• **Recorded data**:
------------------------------------------------

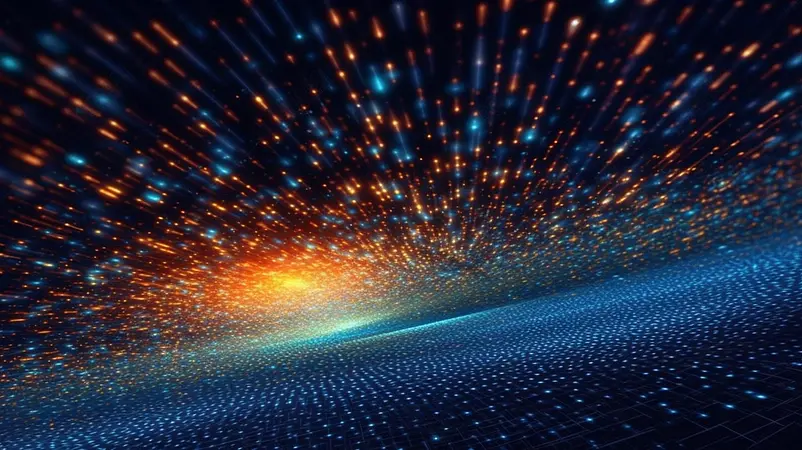 抽象粒子空间科技概念背景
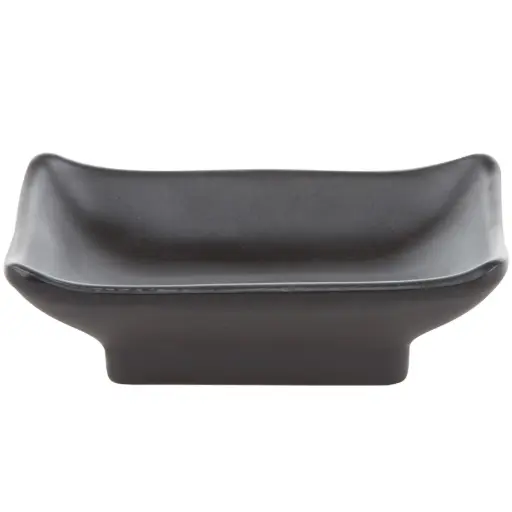 [MLM0097] ถ้วยน้ำจิ้มสี่เหลี่ยมดำ 4 นิ้ว Zen Series 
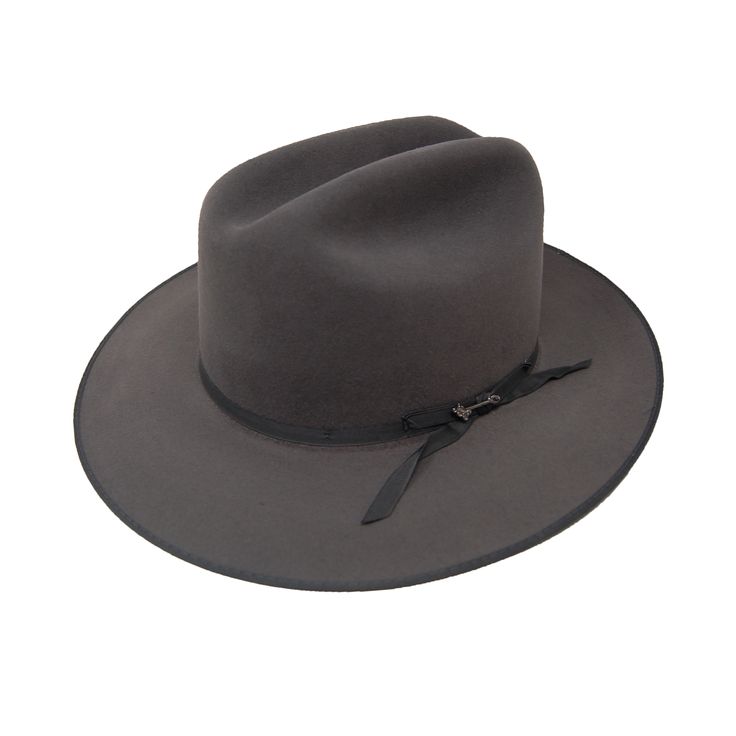 Classic Wide Brim Fur Felt Hat, Classic Rodeo Fedora With Flat Brim, Kentucky Derby Fur Felt Top Hat With Curved Brim, Classic Fedora For Rodeo With Flat Brim, Classic Flat Brim Fedora For Rodeo, Kentucky Derby Wide Brim Fur Felt Top Hat, Classic Fedora With Short Brim For Rodeo, Classic Top Hat With Flat Crown For Western-themed Events, Western Boater Hat With Curved Brim In Fur Felt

------------------------------------------------

• **Problem details**:
Where pictures sit among the data above, omit them, and output the rest exactly.

• **Result of the task**:
 抽象粒子空间科技概念背景
 [MLM0097] ถ้วยน้ำจิ้มสี่เหลี่ยมดำ 4 นิ้ว Zen Series 
 Classic Wide Brim Fur Felt Hat, Classic Rodeo Fedora With Flat Brim, Kentucky Derby Fur Felt Top Hat With Curved Brim, Classic Fedora For Rodeo With Flat Brim, Classic Flat Brim Fedora For Rodeo, Kentucky Derby Wide Brim Fur Felt Top Hat, Classic Fedora With Short Brim For Rodeo, Classic Top Hat With Flat Crown For Western-themed Events, Western Boater Hat With Curved Brim In Fur Felt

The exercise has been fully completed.